Two popular Apple (NASDAQ:AAPL) product inventory-tracking sites have closed down after the owner received a Digital Millennium Copyright Act takedown notice from the Cupertino-based company, reports The Verge. Apple-Tracker and iPhone-Check were both founded by developer Mordy Tikotzky.
Apple-Tracker provided users with local Apple Store inventory levels for new products based on a particular zip code. Most recently, Apple-Tracker was focused on the availability of the new iPad Air. On the other hand, iPhone-Check specialized in tracking the inventory levels for Apple’s new iPhone 5S.
Not surprisingly, both sites appeared to be quite popular with Apple aficionados, since they provided a quick and convenient way for people to check the availability of Apple’s latest products at multiple Apple Store locations simultaneously. Tikotzky recently made the services even more convenient by adding an email alert feature to the site, allowing users to receive an email alert when their desired color, model, or capacity device was in stock at a store near them. New Apple products tend to be notoriously scarce when they first debut and the recent iPhone 5S and iPad Air launches were no exception.
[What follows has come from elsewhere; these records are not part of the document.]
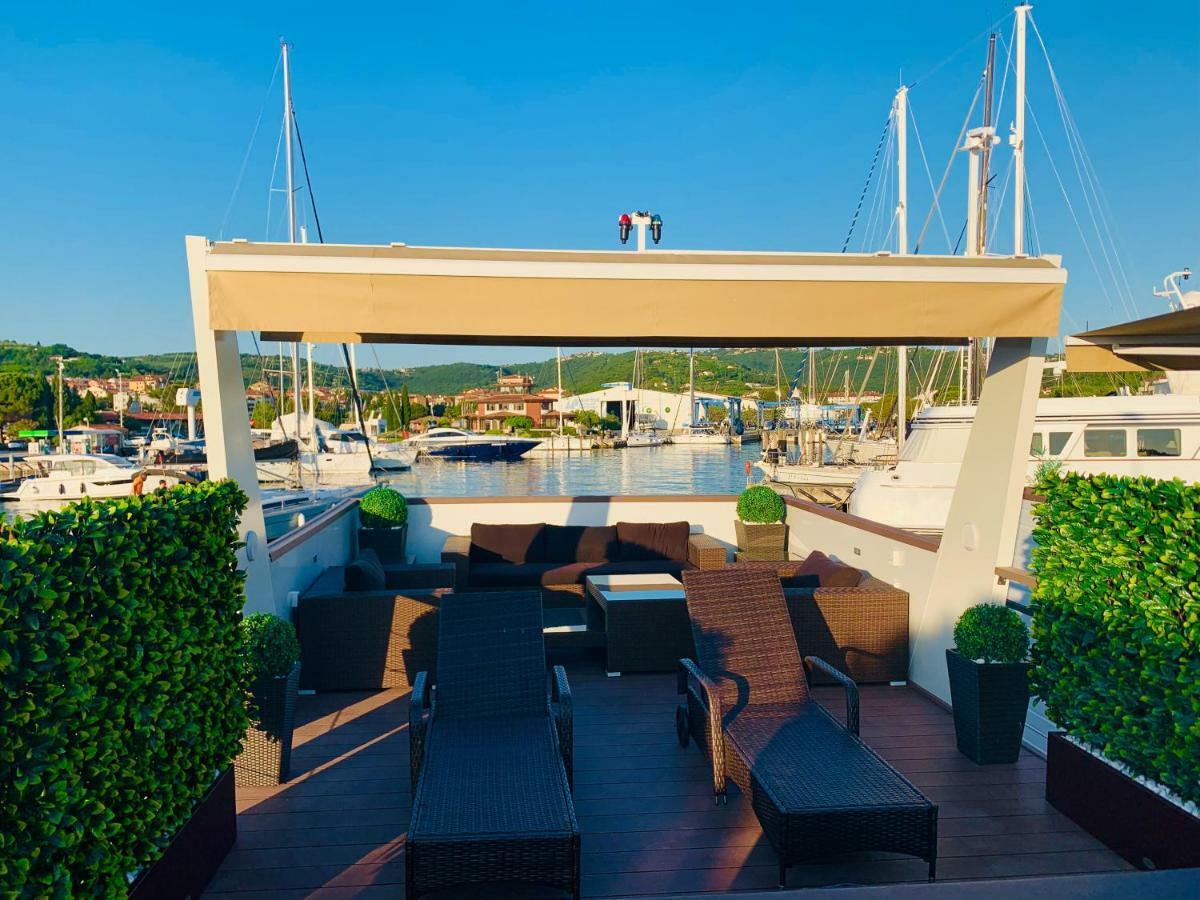Floating Sea House Aurora Villa Portorož Kültér fotó
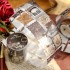 چسب واشی استیکری تمبر قدیمی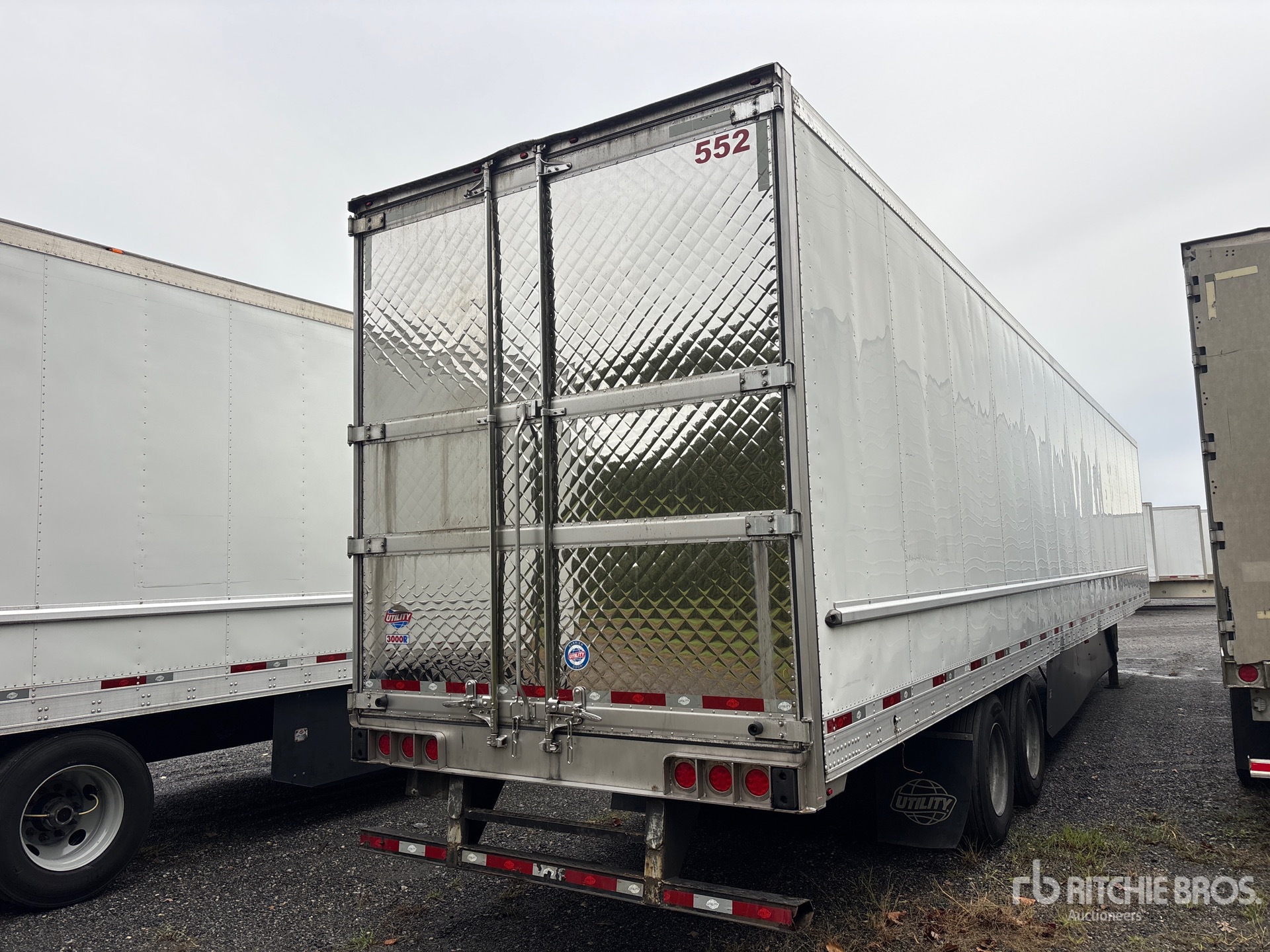 2022 Utility 53 FT X 102 IN T/A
Due to the DMCA takedown notice that iPhone-Check received, Tikotzky decided to shutter both websites. “I’m not really interested in picking a fight with apple so….. I guess it’s time to just say good bye,” wrote Tikotzky in a posting on Apple-Tracker. “Before I go though I just wanted to says [sic] thanks to all of you for the nice comments and emails that you’ve sent in the last few weeks. It was fun while it lasted.”
Although both websites were free to use, Tikotzky did ask for donations via his PayPal account in order to offset the cost of running the services. The closure of these two Apple product tracking services comes at a particularly inopportune time for Apple shoppers who want to acquire the latest iOS-based gadget. Apple’s iPad mini with Retina display is scheduled to be released “later in November” and the latest rumors suggest that initial supplies will be scarce.